Monday, September 30, 2013

Maersk Line Triple E Class

 The Triple-E is about more than size, though in fact, the name refers to the three main purposes behind the creation,  Economy of scale, Energy efficiency and Environmentally improved.   Four-hundred meters long, 59 meters wide and 73 meters high, displacement is 55,000 tones empty. 

Propulsion is a twin-skeg design: It has twin diesel engines, each driving a separate propeller a ultra-long stroke two-stroke engines running at 80 rpm.  A slower speed of 19 knots is targeted as the optimum, compared to the 23–26 knots of similar ships. The top speed would be 25 knots but steaming at 20 knots would reduce fuel consumption by 37%, and at 17.5 knots fuel consumption would be halved. These slower speeds would add 2–6 days to journey times.

The 20 new vessels will be deployed on the vital Asia to Europe trade at a cost of $185 million each.  The largest operating unit in A.P. Moller – Maersk Group by revenue and staff (around 25,000 employees in 2012) is Maersk Line.  In 2013 the company described itself as the world's largest overseas cargo carrier and operated over 600 vessels with 3.8 million Twenty-foot equivalent (TEU) unit container capacity.
A.P. Moller – Maersk Group is based in Copenhagen, Denmark. Odense Steel Shipyard was a Danish shipbuilding company located in Odense.  It was best known for building container ships for its parent group, A.P. Moller – Maersk Group.  The first yard was opened in 1918–1919 by the A.P. Møller company.  A new yard with bigger and better facilities was constructed 1957–1959 on a new site located in Munkebo a few kilometers outside of Odense proper.  Odense Steel Shipyard was the largest yard within the Odense Steel Shipyard Group, which also consisted of two yards and an engineering company, all situated in the Baltic. Since 1996 the Yard built some of the world's largest container ships; including the Mærsk E-class with a nominal capacity of 15,550 TEU (originally declared as 11,000 TEU), the highest equivalent number of any vessel for that time.
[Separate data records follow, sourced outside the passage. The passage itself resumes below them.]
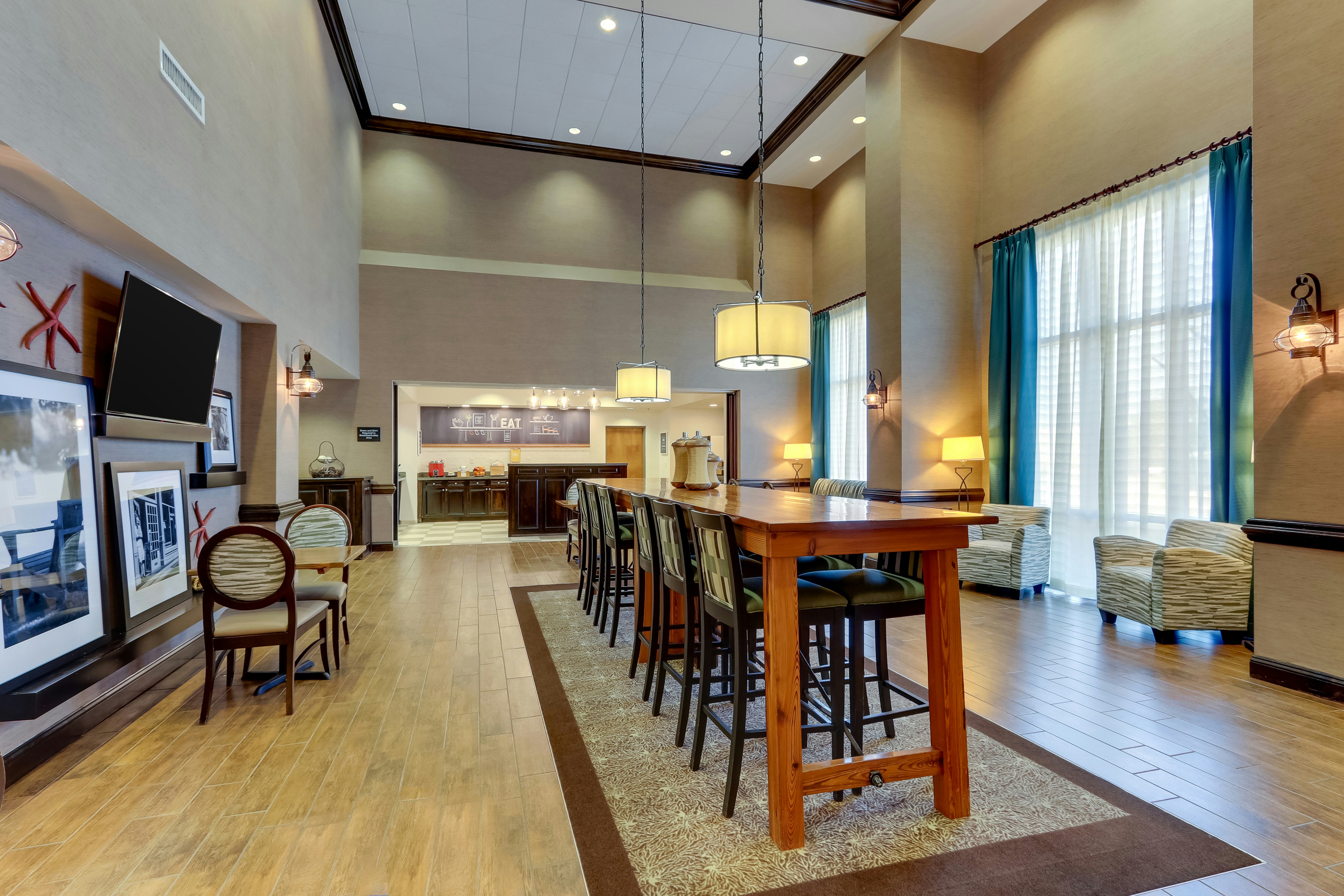Hampton Inn & Suites Swansboro Near Camp Lejeune, NC 44/64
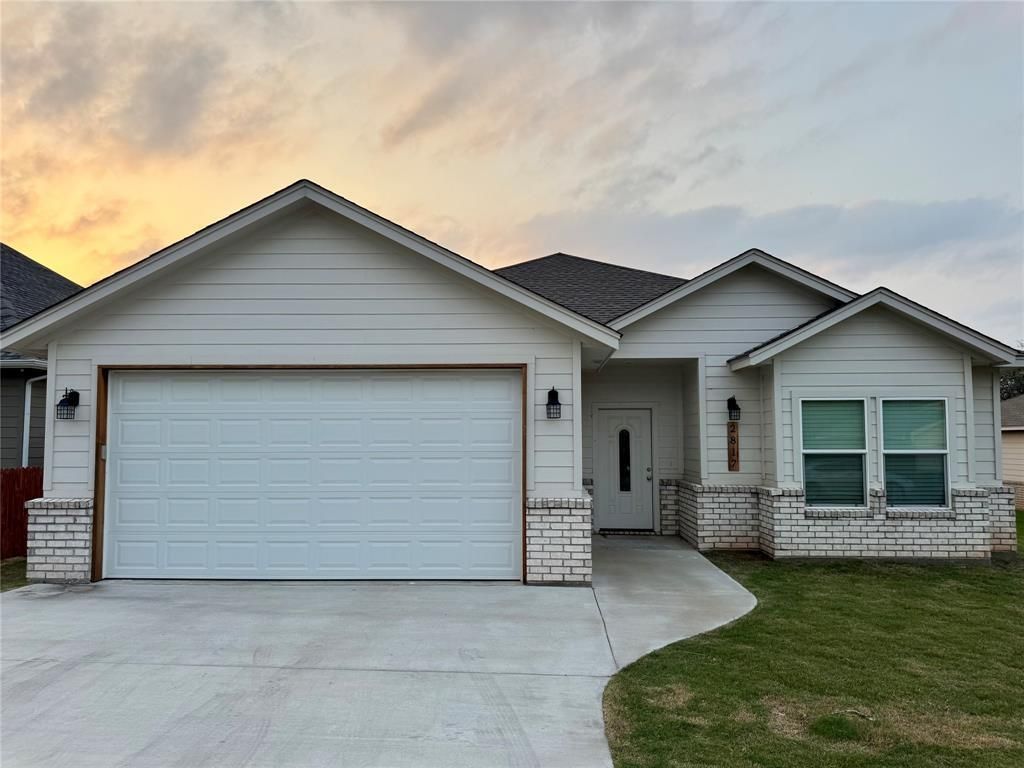 2817 Steepleridge Circle, Granbury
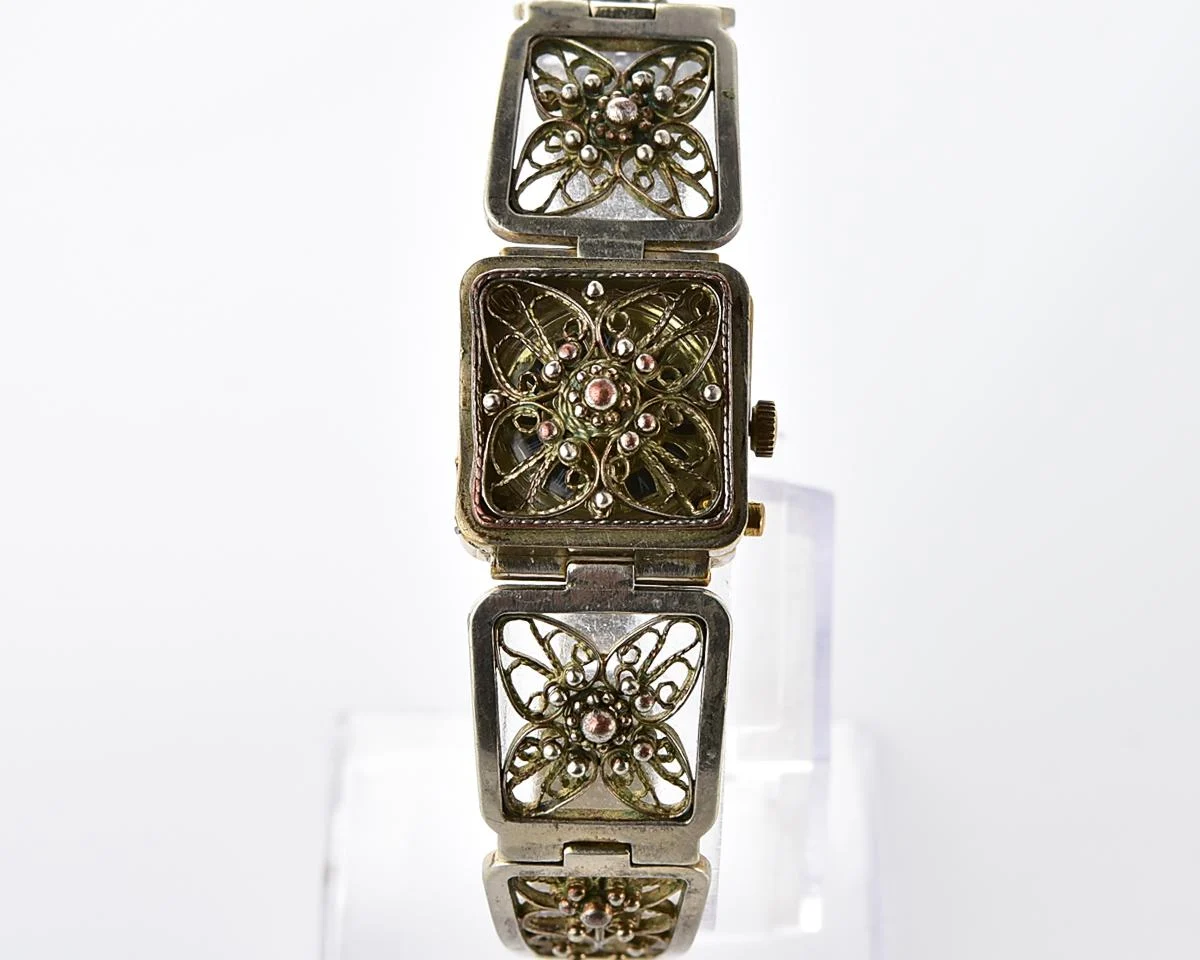 Chaika vintage wristwatch for ladies with stylish integral metal bracelet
The collapse in world shipping as a result of the Great Recession led Maersk to announce in January 2009 that Odense would concentrate on smaller ships but in May 2009 they announced that they would be closing the yard altogether and putting Baltija Shipyard in Lithuania up for sale.  The last newbuild from Lindø was No.714 Niels Juel, a frigate for the Royal Danish Navy, which was delivered in January 2012.

Daewoo Shipbuilding yard

Today, Maersk chose Daewoo to build its latest and largest design, the Triple E class with a nominal capacity of 18,000 TEU, as the Asian shipyard was more competitive.  Daewoo Shipbuilding & Marine Engineering Co., Ltd (DSME) Korean: is the second largest shipbuilder in the world and one of the "Big Three" shipbuilders of South Korea.



Ship spotting Rotterdam

On Sept. 13th, Fred Vloo uploaded this vid of ship spotting at Rotterdam, it's the second-largest city in the Netherlands and one of the largest ports in the world. Starting as a dam constructed in 1270 on the Rotte River, Rotterdam has grown into a major international commercial center.  Its strategic location at the Rhine-Meuse-Scheldt delta on the North Sea and at the heart of a massive rail, road, air and inland waterway distribution system extending throughout Europe is the reason that Rotterdam is often called the "Gateway to Europe".

Great filming is done by Fred here and he does catch one of Maersk's Triple-E Class during the shoot.